== Segment start ==
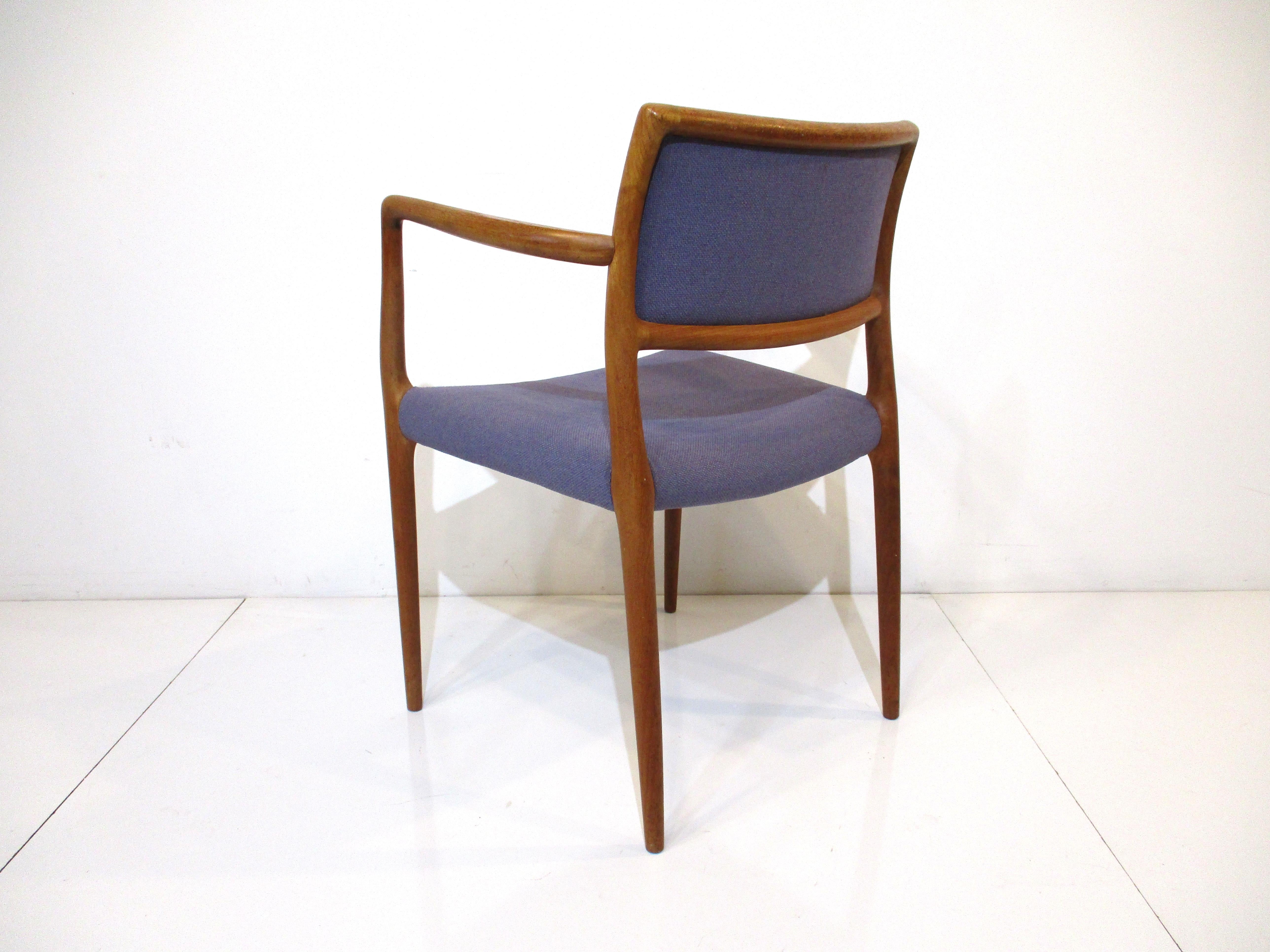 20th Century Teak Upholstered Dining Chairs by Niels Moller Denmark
== Segment end ==
== Segment start ==
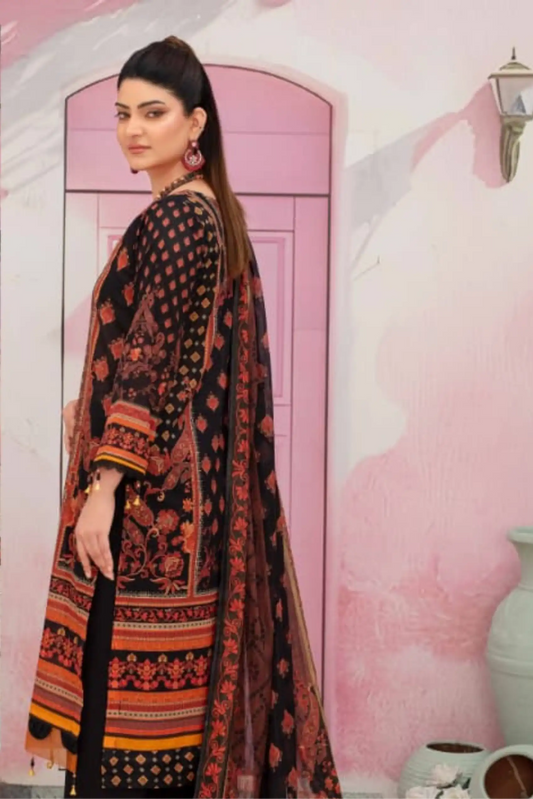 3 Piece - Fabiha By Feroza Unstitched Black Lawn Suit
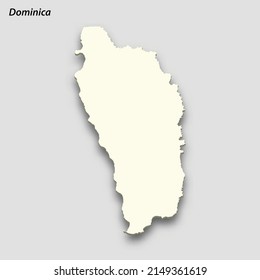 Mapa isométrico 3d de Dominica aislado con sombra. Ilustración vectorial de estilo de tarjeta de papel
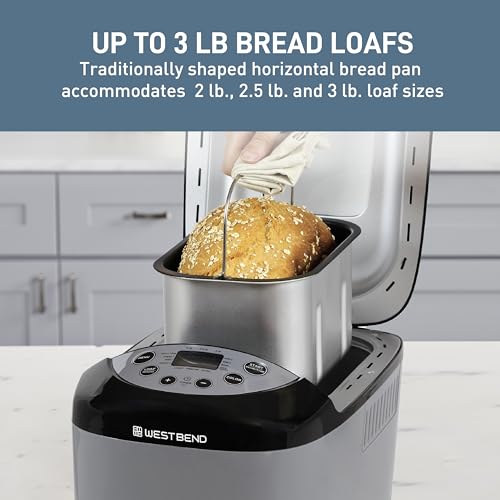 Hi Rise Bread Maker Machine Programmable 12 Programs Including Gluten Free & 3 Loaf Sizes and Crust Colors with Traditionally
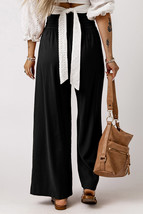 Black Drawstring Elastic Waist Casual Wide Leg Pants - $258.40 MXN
== Segment end ==
== Segment start ==
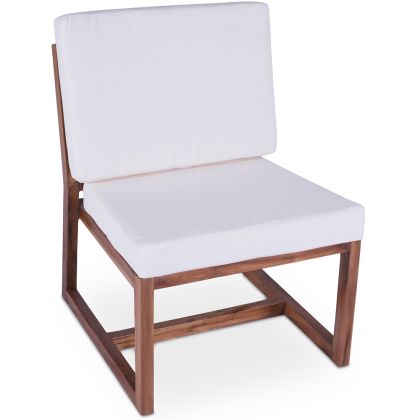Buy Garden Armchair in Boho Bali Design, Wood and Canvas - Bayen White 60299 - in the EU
== Segment end ==
◆ Work order
The stretch to restate runs from the line above containing "3 Piece - Fabiha" through the line containing "Black Drawstring Elastic". Copy it word for word, ends included, without pictures.

◆ Output of the exercise
 3 Piece - Fabiha By Feroza Unstitched Black Lawn Suit
 Mapa isométrico 3d de Dominica aislado con sombra. Ilustración vectorial de estilo de tarjeta de papel
 Hi Rise Bread Maker Machine Programmable 12 Programs Including Gluten Free & 3 Loaf Sizes and Crust Colors with Traditionally
 Black Drawstring Elastic Waist Casual Wide Leg Pants - $258.40 MXN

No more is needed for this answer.